In the 800, the tall Woodruff weaved in and out of traffic. At one point, he had to virtually put on the brakes to drop back and maneuver out of a box of other runners. Despite running farther than anyone else because of his wanderings, the University of Pittsburgh student won the race, ahead of Mario Lanzi of Italy and Phil Edwards of Canada. The other Americans, Chuck Hornbostel and Harry Williamson, were fifth and sixth.
“What a race!” Wolfe exclaimed. “Never seen a runner give ground like that and come back!”
Wood and Glenn cheered almost as lustily for the quiet, but popular Woodruff. “You might have to put him in your next book!” Glenn teased Wolfe.
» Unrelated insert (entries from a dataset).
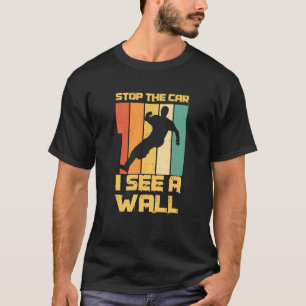 Stop The Car I See A Wall For A Parkour T-Shirt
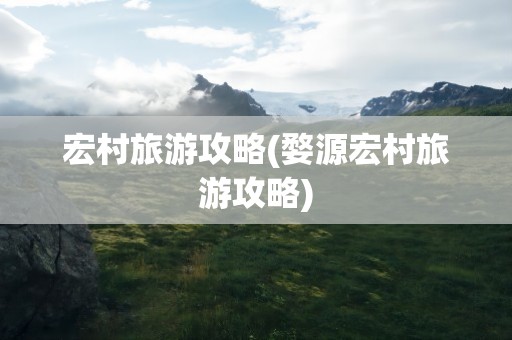 宏村旅游攻略(婺源宏村旅游攻略)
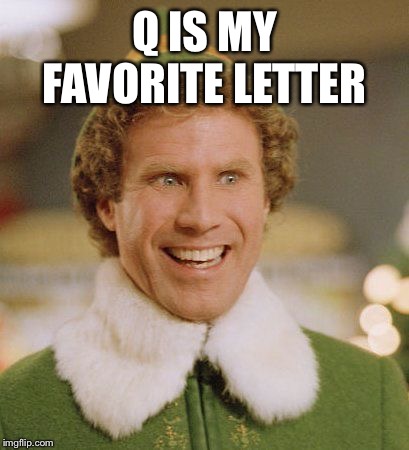 Buddith | Q IS MY FAVORITE LETTER | image tagged in buddith | made w/ Imgflip meme maker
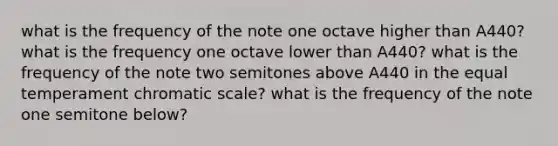 what is the frequency of the note one octave higher than A440? what is the frequency one octave lower than A440? what is the frequency of the note two semitones above A440 in the equal temperament chromatic scale? what is the frequency of the note one semitone below?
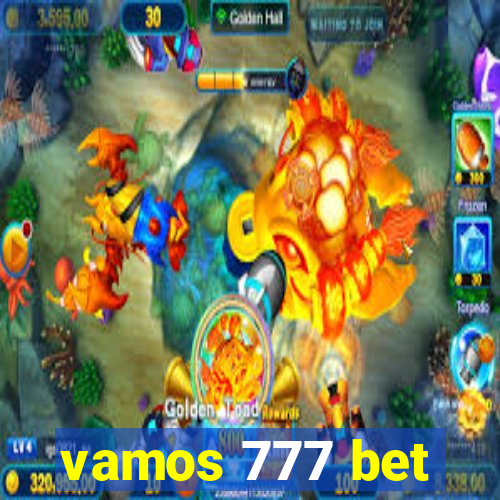 vamos 777 bet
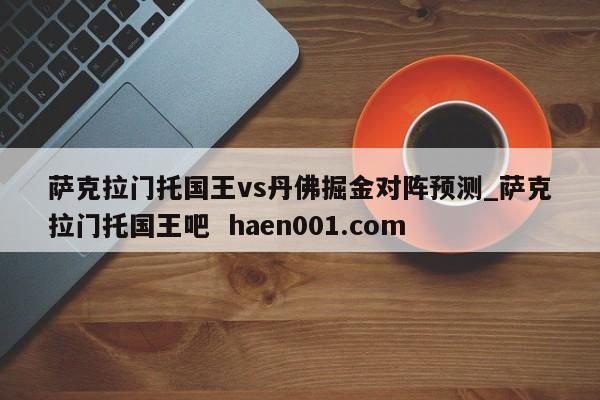 萨克拉门托国王vs丹佛掘金对阵预测_萨克拉门托国王吧 haen001.com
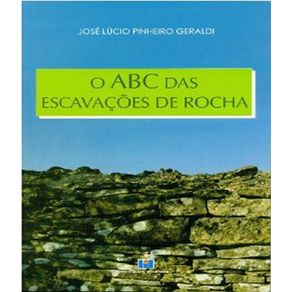 O-abc-das-escavacoes-de-rochas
“I might, at that,” Wolfe cheerfully conceded. As they sat down, the author asked. “So, Morris, how’s your reading going? Do I get a good review?”
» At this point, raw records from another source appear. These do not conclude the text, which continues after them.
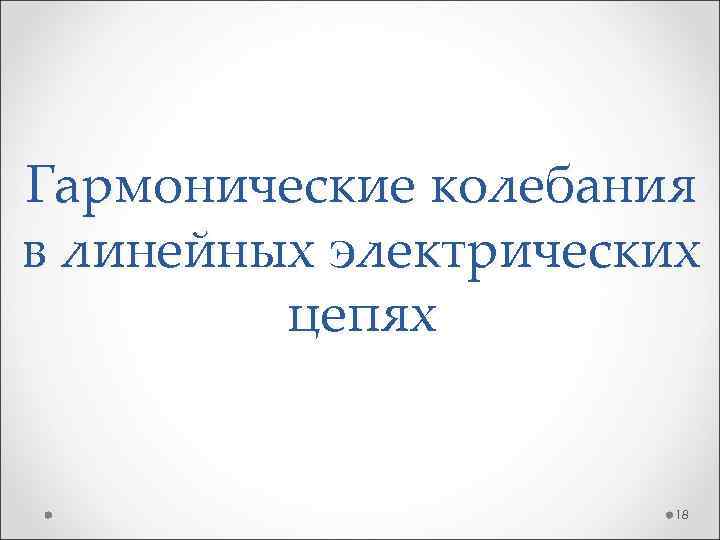 Гармонические колебания в линейных электрических цепях 18 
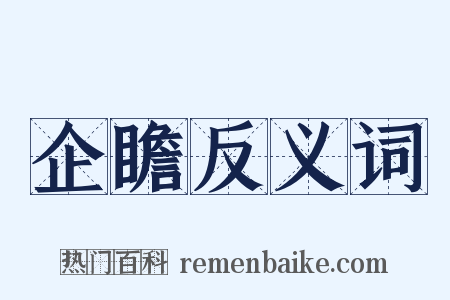 企瞻反义词是什么意思的图片
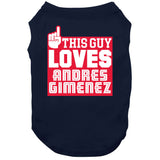 Andres Gimenez This Guy Loves Cleveland Baseball Fan T Shirt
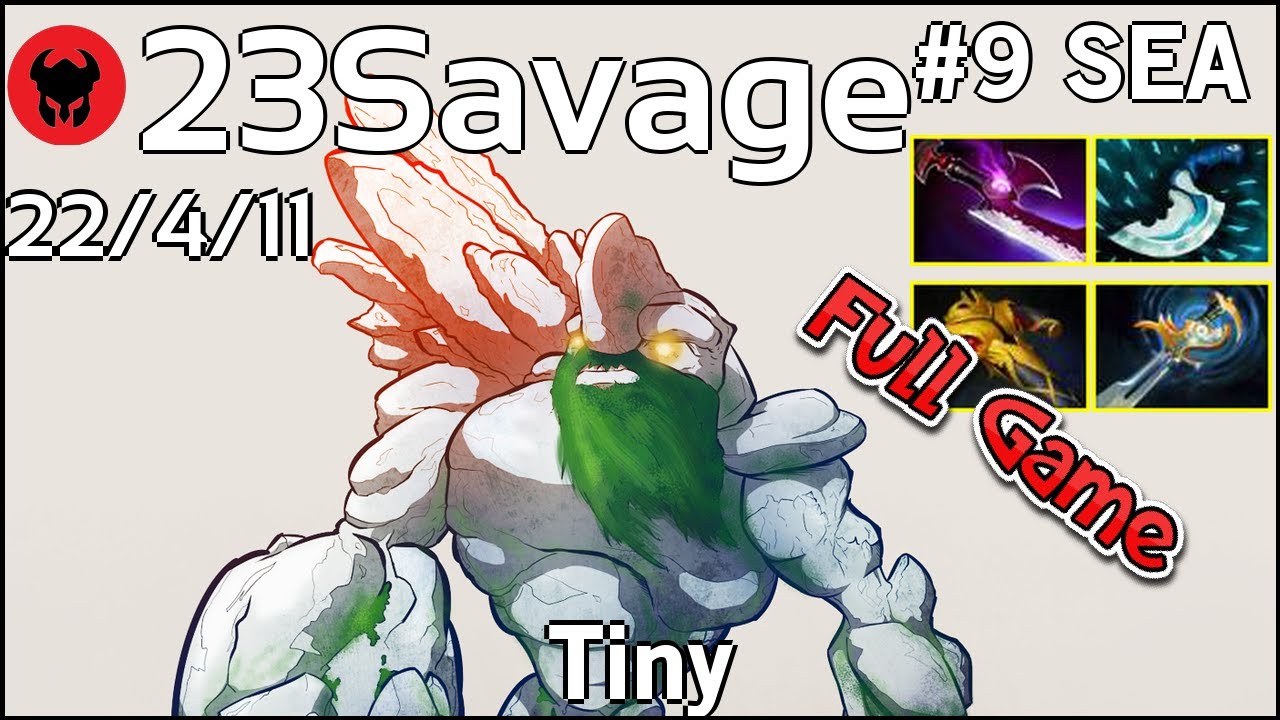 23Savage plays Tiny!!! Dota 2 Full Game 7.21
“So far, so good,” Glenn said.
Wolfe was offended. “That’s all?” He gestured around the stadium. “Hell, Morris, one of the reasons I’m here is that probably half the people in this stadium have read my German editions. And you think that’s because they’re ‘good’?”
“Okay . . . so far the book is great!”
“That’s more like it.”
As the broad jump drama unfolded, Wolfe loudly cheered each Owens jump. Glenn watched Leni scrambling around the infield, from cameraman to cameraman. After Owens uncorked a final jump of 26 feet, 5 inches, beating Long by 7 inches, Glenn and Wood cheered and clapped, but Wolfe outdid them. The author jumped up and roared: “Way to go, Jesse! Atta baby, Jesse! That’s the way to show them!” Several at the front of Hitler’s box—including the Führer himself—looked down, glaring. Wolfe turned and, with his hands still forming the megaphone, yelled in the direction of Hitler and his entourage: “They might be darkies, but they’re our darkies!”
Naoto Tajima of Japan was third, and Bob Clark—despite a terrific leap of 25-2—finished sixth.
Leni was shocked to see Long’s reaction to finishing second. He raised Owens’s arm overhead, saluting him as the champion, and embraced him. In the next few minutes on the infield, and openly as photographers—including Leni’s—snapped away, the two men lounged on the grass and cordially talked as if they had grown up in the same neighborhood, at one point huddling heads so close no prying ears could pick up the conversation. They also headed off the track, to the dressing room area, together, with Long taking the lead to make it arm-in-arm. Leni checked. It was hard to tell from this far away, but the Führer didn’t look to be paying attention.
Leni thought: Maybe Luz Long knew that. Maybe he didn’t. Either way, this is not the smartest thing he has ever done, and now I understand why there are rumors that he is not enthusiastic about the cause.
As it had all week, the spectators’ reaction surprised Leni, too. Mostly German, of course, they were enthusiastic about the success of Owens and the other American Negroes, cheering them and chanting “Yess-ee, Yess-ee” and “Ow-ens, Ow-ens” to honor the man who had won two gold medals and perhaps would win one or two more.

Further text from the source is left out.